Dataset content:
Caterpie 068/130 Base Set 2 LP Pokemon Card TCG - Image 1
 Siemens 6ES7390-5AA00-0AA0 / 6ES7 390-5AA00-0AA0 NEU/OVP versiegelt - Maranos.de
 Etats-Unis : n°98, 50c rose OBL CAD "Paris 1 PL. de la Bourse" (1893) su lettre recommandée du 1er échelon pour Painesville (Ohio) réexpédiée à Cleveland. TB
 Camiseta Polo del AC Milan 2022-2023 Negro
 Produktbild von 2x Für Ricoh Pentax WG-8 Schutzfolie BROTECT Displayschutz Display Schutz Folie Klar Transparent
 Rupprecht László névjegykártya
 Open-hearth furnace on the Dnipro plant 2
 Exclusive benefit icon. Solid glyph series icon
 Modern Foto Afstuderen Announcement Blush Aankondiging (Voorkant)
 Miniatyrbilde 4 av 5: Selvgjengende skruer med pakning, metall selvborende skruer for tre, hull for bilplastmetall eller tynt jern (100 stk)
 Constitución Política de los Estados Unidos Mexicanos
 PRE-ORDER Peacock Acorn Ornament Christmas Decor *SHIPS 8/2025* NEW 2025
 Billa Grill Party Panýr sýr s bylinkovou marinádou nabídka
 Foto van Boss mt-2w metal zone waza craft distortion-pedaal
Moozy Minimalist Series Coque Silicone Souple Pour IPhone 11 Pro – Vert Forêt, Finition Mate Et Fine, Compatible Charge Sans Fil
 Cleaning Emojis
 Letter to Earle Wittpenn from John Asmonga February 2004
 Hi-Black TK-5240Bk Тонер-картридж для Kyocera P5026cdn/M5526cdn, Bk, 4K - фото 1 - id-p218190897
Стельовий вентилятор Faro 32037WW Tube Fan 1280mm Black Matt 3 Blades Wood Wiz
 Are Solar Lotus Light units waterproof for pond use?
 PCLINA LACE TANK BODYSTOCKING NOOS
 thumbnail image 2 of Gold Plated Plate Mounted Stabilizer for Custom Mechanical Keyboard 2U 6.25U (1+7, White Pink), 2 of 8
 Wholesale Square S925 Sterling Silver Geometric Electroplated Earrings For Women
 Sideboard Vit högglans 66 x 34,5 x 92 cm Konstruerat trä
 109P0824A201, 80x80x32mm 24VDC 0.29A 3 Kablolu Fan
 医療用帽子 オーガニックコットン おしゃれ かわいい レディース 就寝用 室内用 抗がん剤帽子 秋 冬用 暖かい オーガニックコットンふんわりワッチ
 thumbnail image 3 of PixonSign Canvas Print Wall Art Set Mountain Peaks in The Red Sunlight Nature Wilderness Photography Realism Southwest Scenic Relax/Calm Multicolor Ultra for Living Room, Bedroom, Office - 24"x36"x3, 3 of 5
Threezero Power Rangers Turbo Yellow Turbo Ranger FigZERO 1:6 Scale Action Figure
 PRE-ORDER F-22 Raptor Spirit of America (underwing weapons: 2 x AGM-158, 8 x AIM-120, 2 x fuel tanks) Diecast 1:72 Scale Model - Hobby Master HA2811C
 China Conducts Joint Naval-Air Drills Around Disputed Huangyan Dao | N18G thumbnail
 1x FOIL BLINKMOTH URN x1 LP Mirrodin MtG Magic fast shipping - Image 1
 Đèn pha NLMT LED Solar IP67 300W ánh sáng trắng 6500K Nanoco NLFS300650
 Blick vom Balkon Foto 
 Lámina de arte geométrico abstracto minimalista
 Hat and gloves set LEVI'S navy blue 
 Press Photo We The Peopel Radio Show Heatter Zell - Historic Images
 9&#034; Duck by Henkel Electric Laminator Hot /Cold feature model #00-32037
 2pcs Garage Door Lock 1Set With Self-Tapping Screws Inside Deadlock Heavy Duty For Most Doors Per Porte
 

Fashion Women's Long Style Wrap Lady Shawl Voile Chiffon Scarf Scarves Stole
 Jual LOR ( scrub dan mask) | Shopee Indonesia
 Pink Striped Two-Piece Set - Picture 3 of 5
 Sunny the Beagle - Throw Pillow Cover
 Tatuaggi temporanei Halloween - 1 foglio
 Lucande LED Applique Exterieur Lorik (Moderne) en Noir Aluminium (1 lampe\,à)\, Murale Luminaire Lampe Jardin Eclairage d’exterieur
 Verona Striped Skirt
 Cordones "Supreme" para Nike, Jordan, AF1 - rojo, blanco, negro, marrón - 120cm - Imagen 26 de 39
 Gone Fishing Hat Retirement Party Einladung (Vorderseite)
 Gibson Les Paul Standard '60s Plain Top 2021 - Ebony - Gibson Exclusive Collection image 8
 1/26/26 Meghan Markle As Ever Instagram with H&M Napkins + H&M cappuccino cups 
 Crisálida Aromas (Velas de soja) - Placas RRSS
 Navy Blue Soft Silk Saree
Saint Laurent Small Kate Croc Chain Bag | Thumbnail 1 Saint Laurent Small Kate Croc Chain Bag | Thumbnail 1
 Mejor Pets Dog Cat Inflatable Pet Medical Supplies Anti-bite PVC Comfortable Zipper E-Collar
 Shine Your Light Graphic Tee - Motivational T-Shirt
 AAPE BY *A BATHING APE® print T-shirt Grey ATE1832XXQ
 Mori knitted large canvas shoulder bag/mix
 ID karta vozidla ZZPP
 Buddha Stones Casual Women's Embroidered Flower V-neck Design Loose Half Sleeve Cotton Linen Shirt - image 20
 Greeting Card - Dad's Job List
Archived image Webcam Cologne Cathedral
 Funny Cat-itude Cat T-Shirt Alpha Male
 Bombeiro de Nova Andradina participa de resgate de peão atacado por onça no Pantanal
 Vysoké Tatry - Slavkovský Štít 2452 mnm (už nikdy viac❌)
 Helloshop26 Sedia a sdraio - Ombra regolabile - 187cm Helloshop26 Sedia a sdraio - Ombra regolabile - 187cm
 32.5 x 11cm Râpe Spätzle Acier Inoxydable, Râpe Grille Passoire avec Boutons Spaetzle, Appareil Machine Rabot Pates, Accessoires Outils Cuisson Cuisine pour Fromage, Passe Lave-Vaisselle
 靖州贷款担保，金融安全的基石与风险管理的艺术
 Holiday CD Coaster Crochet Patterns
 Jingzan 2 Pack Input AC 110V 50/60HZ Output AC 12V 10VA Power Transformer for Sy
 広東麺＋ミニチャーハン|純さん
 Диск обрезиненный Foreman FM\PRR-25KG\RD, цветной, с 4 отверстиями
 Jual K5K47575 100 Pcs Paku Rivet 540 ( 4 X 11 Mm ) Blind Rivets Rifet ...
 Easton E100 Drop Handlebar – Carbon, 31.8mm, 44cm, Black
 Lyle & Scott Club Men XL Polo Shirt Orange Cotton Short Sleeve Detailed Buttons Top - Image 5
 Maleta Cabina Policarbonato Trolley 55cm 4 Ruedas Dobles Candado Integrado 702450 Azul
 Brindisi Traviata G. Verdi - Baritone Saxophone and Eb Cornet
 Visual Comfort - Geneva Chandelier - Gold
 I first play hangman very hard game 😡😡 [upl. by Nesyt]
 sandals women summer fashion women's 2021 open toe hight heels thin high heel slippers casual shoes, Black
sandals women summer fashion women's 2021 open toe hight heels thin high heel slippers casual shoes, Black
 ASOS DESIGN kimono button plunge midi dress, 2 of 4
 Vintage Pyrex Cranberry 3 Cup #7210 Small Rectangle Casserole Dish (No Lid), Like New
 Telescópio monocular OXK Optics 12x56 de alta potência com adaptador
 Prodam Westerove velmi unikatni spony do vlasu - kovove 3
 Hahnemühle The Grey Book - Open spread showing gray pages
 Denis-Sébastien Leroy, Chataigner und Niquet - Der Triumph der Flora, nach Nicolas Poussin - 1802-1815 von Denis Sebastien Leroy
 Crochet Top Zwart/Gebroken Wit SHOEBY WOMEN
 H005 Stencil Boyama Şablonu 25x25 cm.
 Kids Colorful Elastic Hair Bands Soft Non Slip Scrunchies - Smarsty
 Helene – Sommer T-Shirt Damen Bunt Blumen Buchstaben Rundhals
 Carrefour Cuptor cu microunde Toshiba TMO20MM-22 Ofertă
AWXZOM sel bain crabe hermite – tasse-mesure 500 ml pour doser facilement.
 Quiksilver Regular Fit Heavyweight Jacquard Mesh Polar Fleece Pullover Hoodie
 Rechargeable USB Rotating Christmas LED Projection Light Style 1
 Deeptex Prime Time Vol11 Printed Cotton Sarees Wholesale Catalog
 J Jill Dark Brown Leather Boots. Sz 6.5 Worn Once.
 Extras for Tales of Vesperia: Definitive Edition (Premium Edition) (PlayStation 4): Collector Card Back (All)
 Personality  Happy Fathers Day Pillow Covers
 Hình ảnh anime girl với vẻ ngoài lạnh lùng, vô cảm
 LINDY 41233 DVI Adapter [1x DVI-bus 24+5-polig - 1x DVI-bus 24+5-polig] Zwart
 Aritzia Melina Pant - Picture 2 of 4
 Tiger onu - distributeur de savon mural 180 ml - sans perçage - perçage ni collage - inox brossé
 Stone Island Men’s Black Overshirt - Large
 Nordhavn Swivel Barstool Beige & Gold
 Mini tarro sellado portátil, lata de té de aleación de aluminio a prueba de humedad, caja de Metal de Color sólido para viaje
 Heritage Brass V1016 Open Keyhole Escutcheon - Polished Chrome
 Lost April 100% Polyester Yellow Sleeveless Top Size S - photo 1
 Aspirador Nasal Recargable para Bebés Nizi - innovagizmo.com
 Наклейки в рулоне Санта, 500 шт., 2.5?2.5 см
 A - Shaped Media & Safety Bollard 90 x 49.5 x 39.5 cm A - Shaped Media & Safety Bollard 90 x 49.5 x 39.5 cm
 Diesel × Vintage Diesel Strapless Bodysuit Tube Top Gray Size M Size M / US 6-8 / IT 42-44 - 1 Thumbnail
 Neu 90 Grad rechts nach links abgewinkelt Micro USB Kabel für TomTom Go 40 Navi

Assigned task: Copy, please, every line from the start of the entries down to the line that holds "Miniatyrbilde 4 av", with both of those lines included and no others.

Exercise solution:
Caterpie 068/130 Base Set 2 LP Pokemon Card TCG - Image 1
 Siemens 6ES7390-5AA00-0AA0 / 6ES7 390-5AA00-0AA0 NEU/OVP versiegelt - Maranos.de
 Etats-Unis : n°98, 50c rose OBL CAD "Paris 1 PL. de la Bourse" (1893) su lettre recommandée du 1er échelon pour Painesville (Ohio) réexpédiée à Cleveland. TB
 Camiseta Polo del AC Milan 2022-2023 Negro
 Produktbild von 2x Für Ricoh Pentax WG-8 Schutzfolie BROTECT Displayschutz Display Schutz Folie Klar Transparent
 Rupprecht László névjegykártya
 Open-hearth furnace on the Dnipro plant 2
 Exclusive benefit icon. Solid glyph series icon
 Modern Foto Afstuderen Announcement Blush Aankondiging (Voorkant)
 Miniatyrbilde 4 av 5: Selvgjengende skruer med pakning, metall selvborende skruer for tre, hull for bilplastmetall eller tynt jern (100 stk)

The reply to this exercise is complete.